YOUR OBJECTIVE - Copy out, exactly and with nothing else, the stretch of lines that starts at the line containing "this 960×640 image." and finishes at the end of the data.

━━━━━━━━

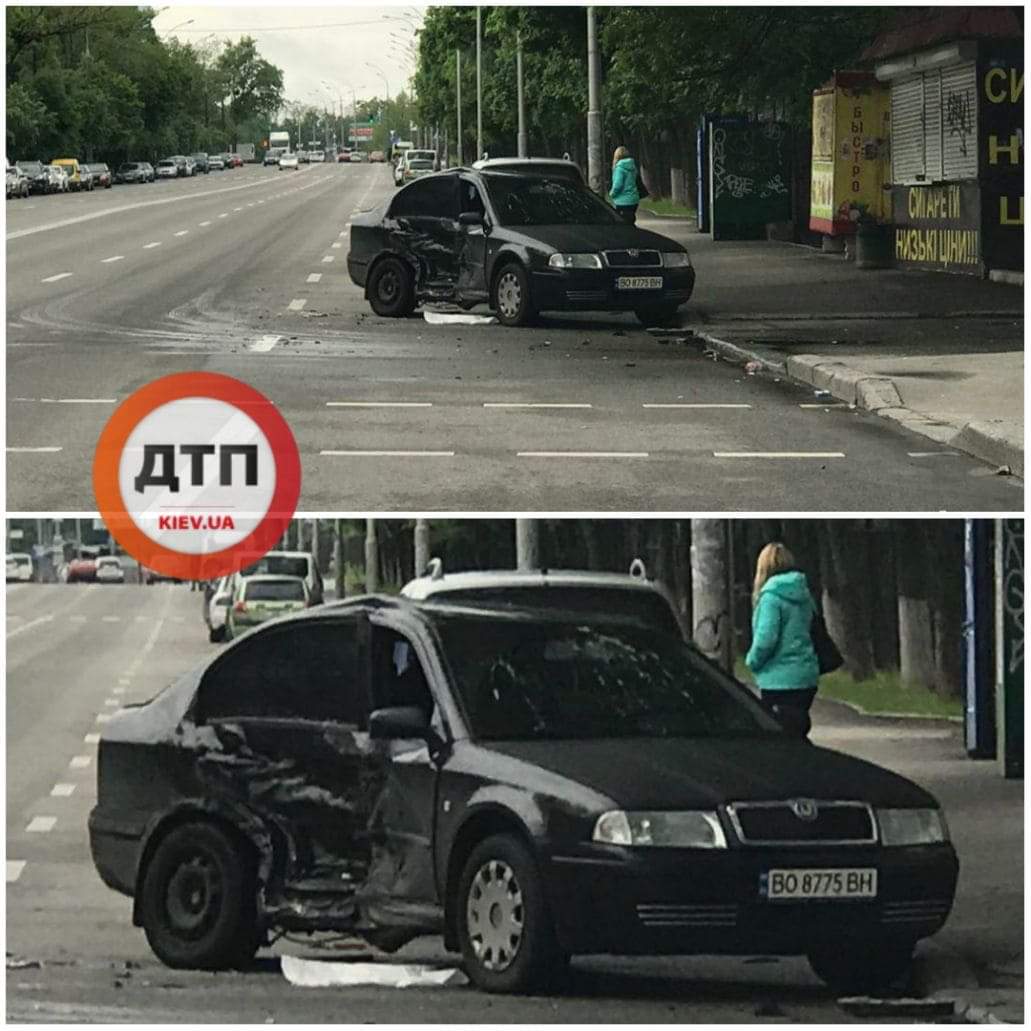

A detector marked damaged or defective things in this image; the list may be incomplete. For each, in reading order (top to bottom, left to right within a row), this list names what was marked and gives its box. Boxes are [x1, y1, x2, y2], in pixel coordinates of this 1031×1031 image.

detached car part on road [350, 168, 696, 325]
damaged black sedan [350, 170, 696, 325]
exposed car wheel arch [443, 804, 540, 948]
damaged black sedan [88, 602, 956, 993]
detached car part on road [90, 602, 956, 993]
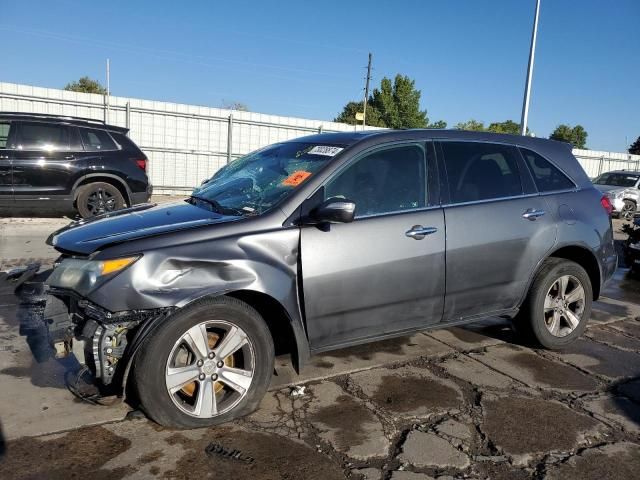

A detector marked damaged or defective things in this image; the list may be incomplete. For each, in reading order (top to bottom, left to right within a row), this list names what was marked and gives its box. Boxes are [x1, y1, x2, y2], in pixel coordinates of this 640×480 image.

dented hood [46, 202, 239, 256]
shattered windshield [190, 142, 344, 216]
cracked pavement [1, 219, 640, 478]
damaged acura mdx [38, 128, 616, 428]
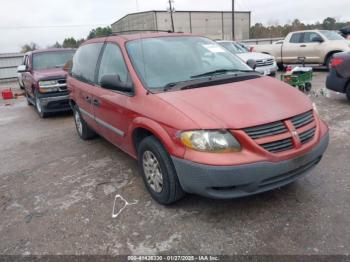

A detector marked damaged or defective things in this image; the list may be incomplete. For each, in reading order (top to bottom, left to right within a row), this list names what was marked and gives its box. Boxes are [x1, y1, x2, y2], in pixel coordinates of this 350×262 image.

cracked asphalt [0, 70, 348, 255]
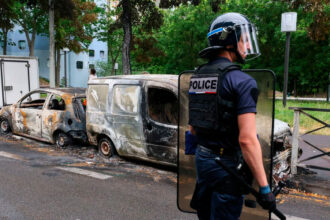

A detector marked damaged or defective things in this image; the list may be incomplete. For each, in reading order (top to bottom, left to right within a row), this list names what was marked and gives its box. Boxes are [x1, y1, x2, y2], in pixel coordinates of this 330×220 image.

burned car [0, 88, 86, 148]
burned car [87, 74, 178, 165]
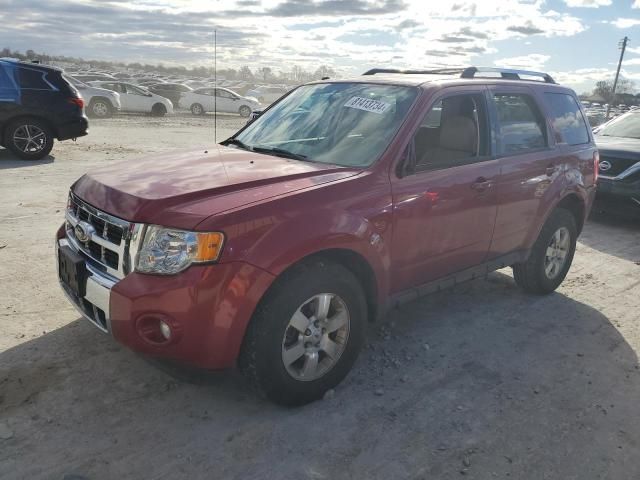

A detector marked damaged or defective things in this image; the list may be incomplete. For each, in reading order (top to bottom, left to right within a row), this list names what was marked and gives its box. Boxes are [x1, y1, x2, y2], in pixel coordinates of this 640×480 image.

damaged vehicle [57, 67, 596, 404]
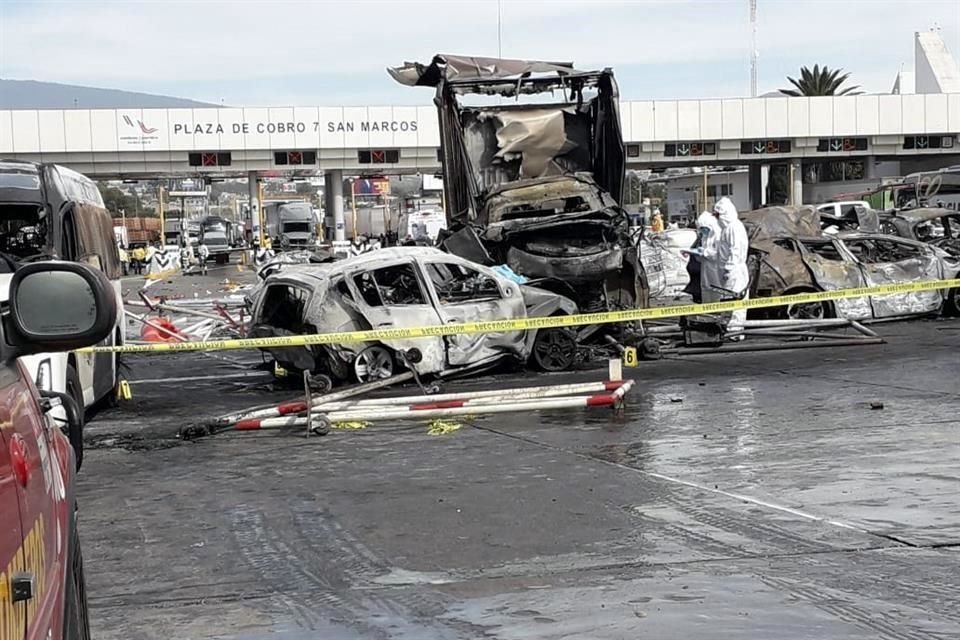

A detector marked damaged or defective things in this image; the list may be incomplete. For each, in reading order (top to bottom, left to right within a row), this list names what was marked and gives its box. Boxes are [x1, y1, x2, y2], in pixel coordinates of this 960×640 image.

wrecked vehicle [248, 248, 576, 382]
burned car [248, 248, 576, 382]
destroyed truck [248, 246, 576, 384]
destroyed truck [388, 54, 644, 312]
wrecked vehicle [388, 54, 644, 312]
burned car [388, 54, 644, 312]
fire damage [386, 53, 648, 314]
wrecked vehicle [740, 208, 956, 320]
burned car [740, 208, 956, 320]
wrecked vehicle [876, 210, 960, 260]
burned car [876, 210, 960, 260]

━━━━━━━━

EXERCISE RESPONSE -
A detector marked damaged or defective things in this image; the list may be incomplete. For each, in reading order (top to bottom, left to right within a row), this list names what was marked and gives its box. Boxes are [x1, y1, x2, y2], in pixel coordinates of this 960×640 image.

wrecked vehicle [248, 248, 576, 382]
burned car [248, 248, 576, 382]
destroyed truck [248, 246, 576, 384]
destroyed truck [388, 54, 644, 312]
wrecked vehicle [388, 54, 644, 312]
burned car [388, 54, 644, 312]
fire damage [386, 53, 648, 314]
wrecked vehicle [740, 208, 956, 320]
burned car [740, 208, 956, 320]
wrecked vehicle [876, 210, 960, 260]
burned car [876, 210, 960, 260]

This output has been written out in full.